Your goal | Pictures excluded, return every entry exactly, please.

(Pictures with short captions)
/---
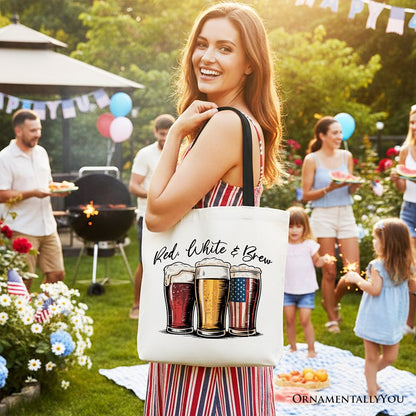 Red White and Brew Patriotic USA Canvas Tote
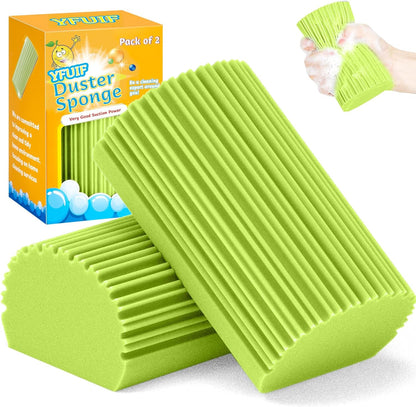 2-Pack Damp Duster Sponge for Clean, Magic Sponge Eraser Baseboard Cleaner Tool, Dusters for Cleaning Blinds, Glass, Vents, Railings, Mirrors,Window Track Grooves and Faucets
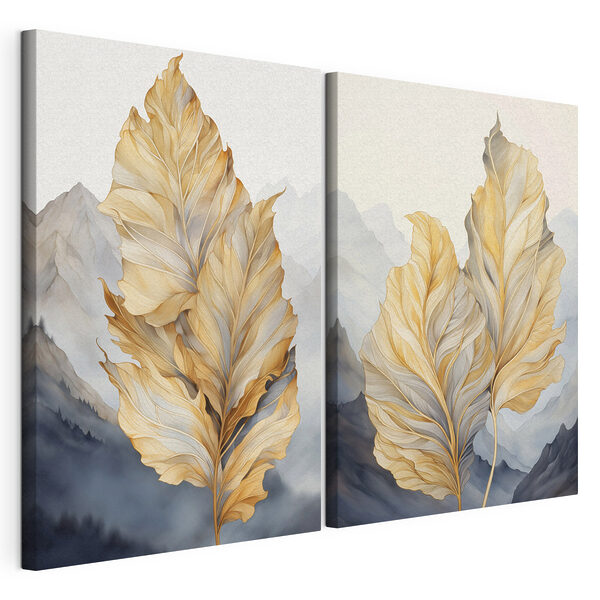 Modulaire canvasprint Herfstbladeren tegen een rustige achtergrond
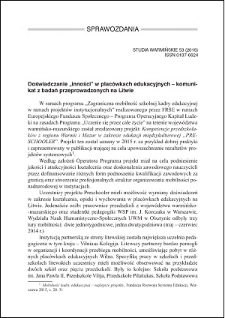 Doświadczanie "inności" w placówkach edukacyjnych : komunikat z badań przeprowadzonych na Litwie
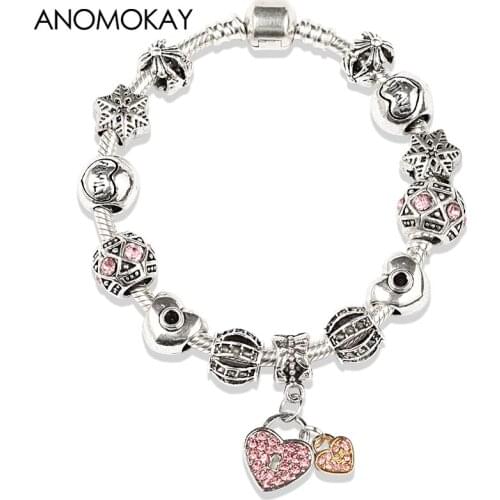 2019 Newest Vintage Silver Plated Love Heart Charm Bracelets for Women DIY Crystal Beads Fine Bracelet & Bangle Jewelry Gift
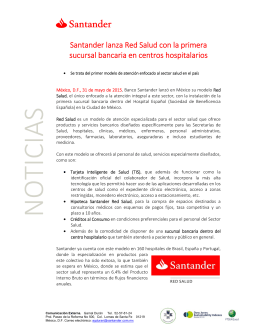 Santander lanza Red Salud con la primera sucursal bancaria en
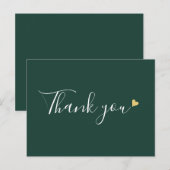 Emerald Gold Heart Script Business Vielen Dank Postkarte (Vorne/Hinten)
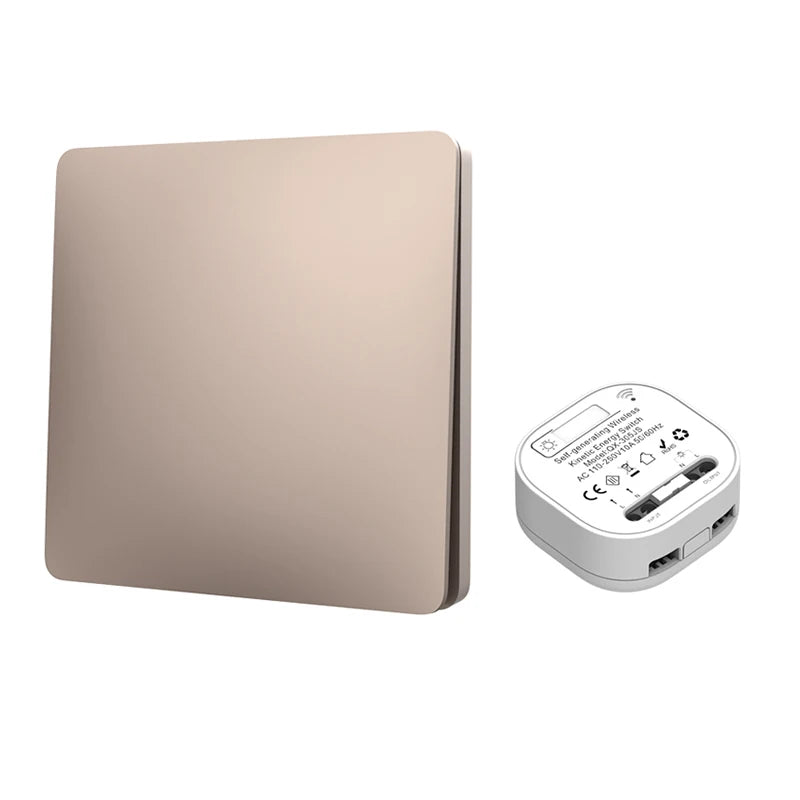 RF433 Frameless Large Panel Self-Powered Wireless Switch – Battery-Free Waterproof Outdoor Kinetic Light Control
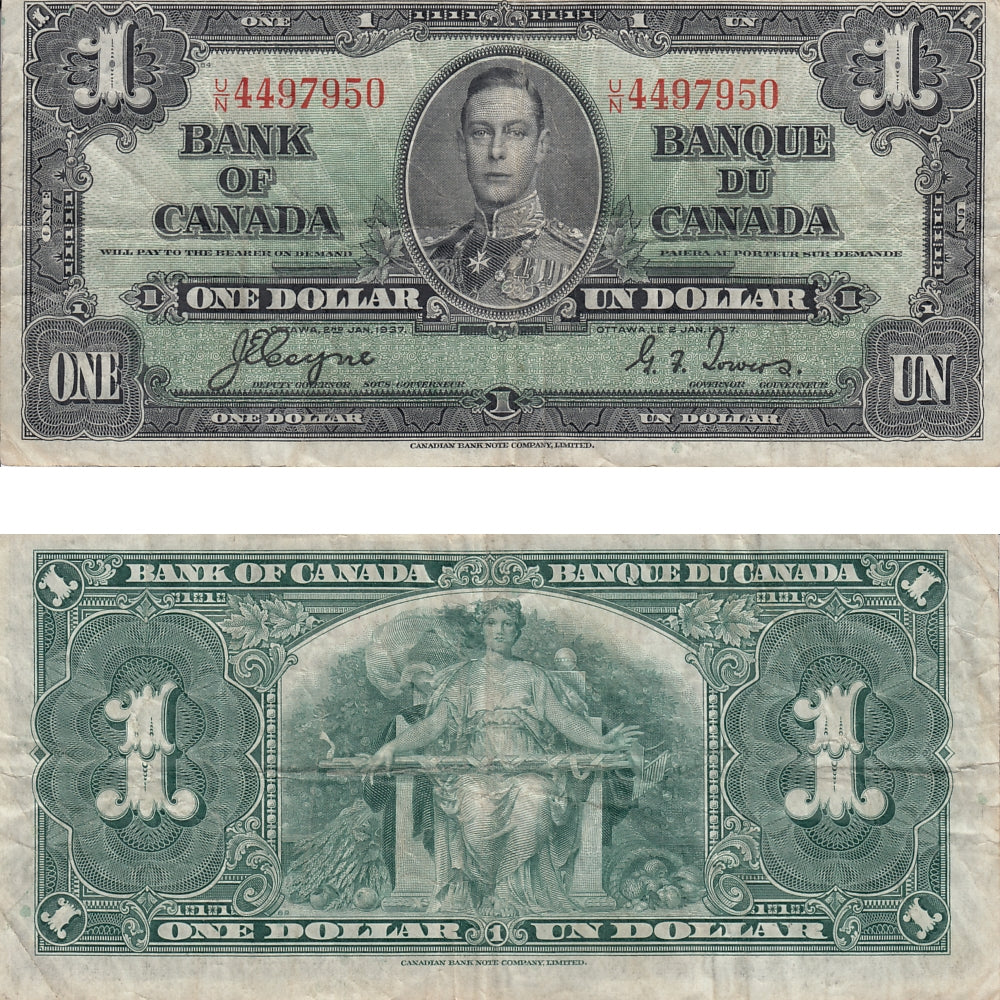 BC-21d 1937 Canada $1 Coyne-Towers, U/N, F-VF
\---
Response |
 Red White and Brew Patriotic USA Canvas Tote
 2-Pack Damp Duster Sponge for Clean, Magic Sponge Eraser Baseboard Cleaner Tool, Dusters for Cleaning Blinds, Glass, Vents, Railings, Mirrors,Window Track Grooves and Faucets
 Modulaire canvasprint Herfstbladeren tegen een rustige achtergrond
 Doświadczanie "inności" w placówkach edukacyjnych : komunikat z badań przeprowadzonych na Litwie
 2019 Newest Vintage Silver Plated Love Heart Charm Bracelets for Women DIY Crystal Beads Fine Bracelet & Bangle Jewelry Gift
 Santander lanza Red Salud con la primera sucursal bancaria en
 Emerald Gold Heart Script Business Vielen Dank Postkarte (Vorne/Hinten)
 RF433 Frameless Large Panel Self-Powered Wireless Switch – Battery-Free Waterproof Outdoor Kinetic Light Control
 BC-21d 1937 Canada $1 Coyne-Towers, U/N, F-VF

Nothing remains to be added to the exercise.